The national debt at the end of 1995 was $4.9 Trillion; at the end of 2011 it will be $14.5 Trillion. (adjusting for inflation: the national debt is up 106%, or more than double). The national debt was 66% of GDP in 1995 and will be nearly 100% of GDP in 2011.
Overall government (federal, state and local) spending has also skyrocketed. In 1995, $2.63 Trillion was spent; in 2011 it will be $6.3 Trillion. (adjusted for inflation: overall spending is up 70%). In 1995 this spending was 35% of the GDP; today it exceeds 46% of the GDP.
In 1995, the federal government budget was $1.6 Trillion; President Obama has proposed for 2011 a budget of $3.75 Trillion. (adjusted for inflation: an increase of 67%)
The U.S. Gross Domestic Product in 1995 grew over 4.5% from the previous year. In 2010 the GDP grew only at 2.3% over the previous year.
Another point of economic comparison is the price of oil. In 1995 it was $17.99 a barrel, today it is $105.00 (an increase of 304% adjusted for inflation).
The Democrats cannot escape the fact that all this devastating economic news over the past 3 years occurred when they either controlled Congress or had a stranglehold on White House and the Congress.

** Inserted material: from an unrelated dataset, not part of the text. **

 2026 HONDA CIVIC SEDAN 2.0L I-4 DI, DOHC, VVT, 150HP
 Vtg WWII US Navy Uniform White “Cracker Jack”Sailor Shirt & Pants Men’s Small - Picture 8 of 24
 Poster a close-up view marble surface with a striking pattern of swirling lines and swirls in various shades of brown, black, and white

In 1995, the American citizen was not engaged in the political process. Per the above statistics, the economy was doing well and the average citizen was content to go about his business.
There were no foreign wars ongoing, no terror activity, and no upheavals in the Middle East with the very real prospect of jihadist takeovers in Egypt, Libya and Yemen in addition to a nuclear armed Iran. The world is a far more dangerous place than it was in 1995 or even 2008.

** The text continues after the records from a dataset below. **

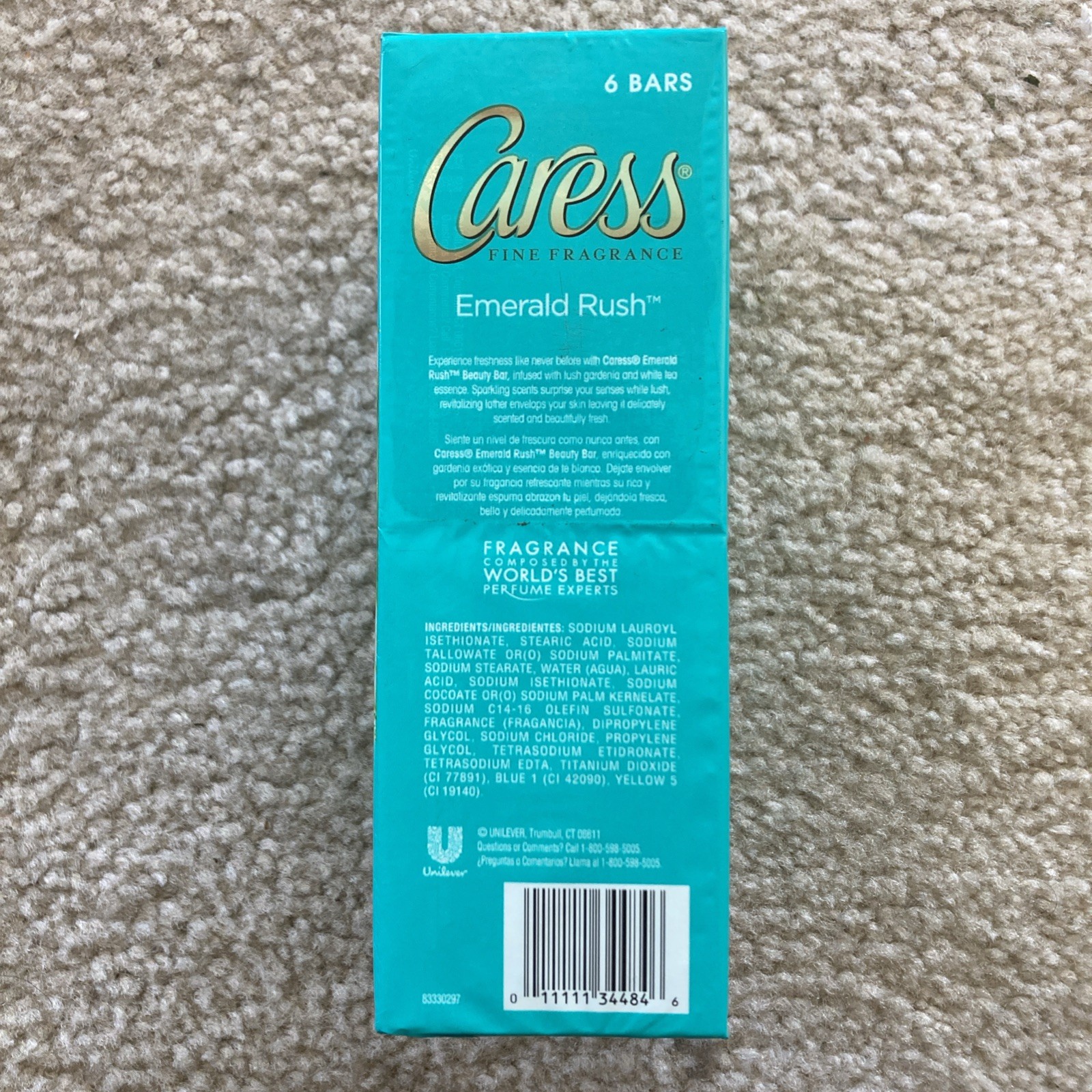 Caress Emerald Rush Lush Gardenia & White Tea Essence Scent 6 4oz Bars – NOS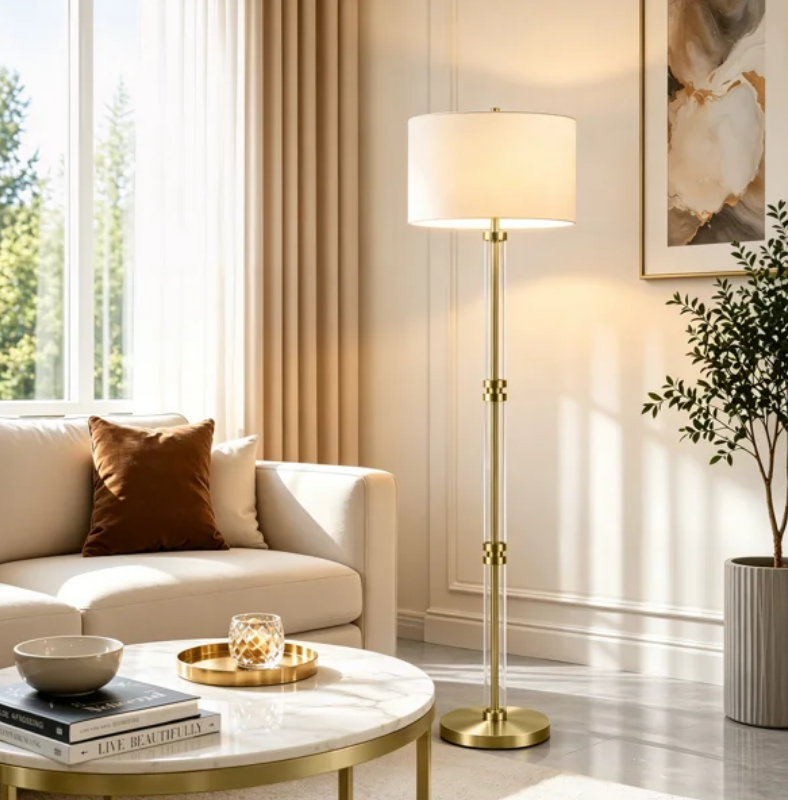 62" Modern Luxury Glass Metal Antique Bronze Floor Lamp with 3-Way Dimmable Lighting and Drum Linen Shade #FGT04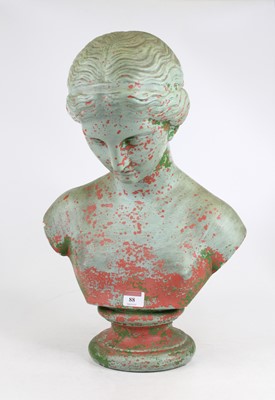 Lot 88 - A painted pottery head and shoulders bust of a...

In the venue of the media there was no Fox News, no internet blogs or news and commentary sites, and talk radio (dominated by conservatives) was a quarter of what it is today. The media that so aided and abetted the Democrats to spin the 1995 shutdown as a Republican blunder is a shadow of its former self.
But the ultimate determination of the supposed disaster that befell the Republicans is what happened in the next election in 1996 less than a year after the shutdown. This was also a presidential election year wherein Bill Clinton carried 31 states soundly defeating Bob Dole by over 8.3 million votes. Yet the Republicans picked up 2 seats in the Senate and lost only 9 in the House after winning a then unprecedented 54 seats in 1994. The Republicans also maintained control of the House for the next ten years until 2006.
The atmosphere that allowed Bill Clinton, the Democrats and their allies in the media to blame the shutdown on the Republicans does not exist today. In fact it is the polar opposite. The Republican leadership of the House and Senate need to understand that.
The people are now engaged. They are aware of the nation's debt and spending crisis which will lead to national bankruptcy. The Tea Party movement is unlike any other in recent American history and confirms the anxiety of the vast majority of the people as to the future. A shutdown will not result in Social Security checks or other vital services being curtailed only the temporary stoppage of non-essential services.
There is an old adage: if you go back to the well too often, it runs out of water. Both parties need to heed that advice.